Entries supplied:
==============================
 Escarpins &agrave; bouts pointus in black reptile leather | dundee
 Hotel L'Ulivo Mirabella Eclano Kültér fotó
==============================
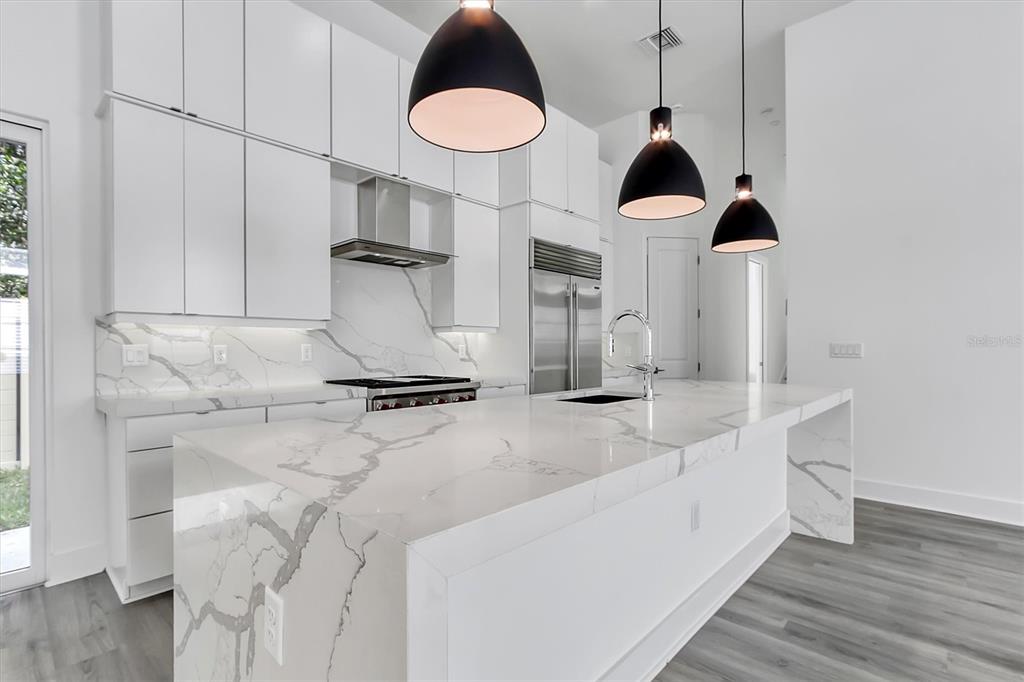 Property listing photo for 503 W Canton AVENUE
==============================
Problem to solve:
What is needed is a verbatim copy of every line in the records above from the one containing "Escarpins &agrave; bouts" down to the one containing "Hotel L'Ulivo Mirabella Eclano Kültér fotó", both included, and nothing more.

Answer for the task:
 Escarpins &agrave; bouts pointus in black reptile leather | dundee
 Hotel L'Ulivo Mirabella Eclano Kültér fotó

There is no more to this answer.